On 2015-03-04 4:26 PM, NeilBrown wrote:
On Wed, 04 Mar 2015 15:48:57 -0700 Eric Mei <meijia@xxxxxxxxx> wrote:
Hi Neil,
I see, that does make sense. Thank you.
But it impose a problem for HA. We have 2 nodes as active-standby pair,
if HW on node 1 have problem (e.g. SAS cable get pulled, thus all access
to physical drives are gone), we hope the array failover to node 2. But
with lingering drive reference, mdadm will report array is still alive
thus failover won't happen.
I guess it depends on what kind of error on the drive. If it's just a
media error we should keep it online as much as possible. But if the
drive is really bad or physically gone, keeping the stale reference
won't help anything. Back to your comparison with single drive /dev/sda,
I think MD as an array should do the same as /dev/sda, not the
individual drive inside MD, for them we should just let it go. How do
you think?
If there were some what that md could be told that the device really was gone
and just just returning errors, then I would be OK with it being marked as
faulty and being removed from the array.
I don't think there is any mechanism in the kernel to allow that. It would
be easiest to capture a "REMOVE" event via udev, and have udev run "mdadm" to
tell the md array that the device was gone.
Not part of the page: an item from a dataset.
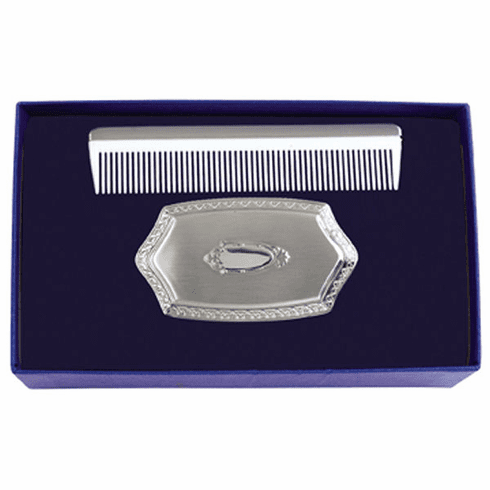 Embossed Pewter Brush/Comb Box Set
Currently there is no way to do that ... I guess we could change raid1 so
that a 'fail' event that came from user-space would always cause the device
to be marked failed, even when an IO error would not...
To preserve current behaviour, it should require something like "faulty-force"
to be written to the "state" file. We would need to check that raid1 copes
with having zero working drives - currently it might always assume there is
at least one device.
I guess we don't need to know exactly what happened physically, it
should be good enough to know "drive stopped working". If a drive
stopped working, keeping it doesn't add much value anyway. And I think
serious error detected in MD (e.g. superblock write error, bad block
table write error) might be a good criteria to make that judgement.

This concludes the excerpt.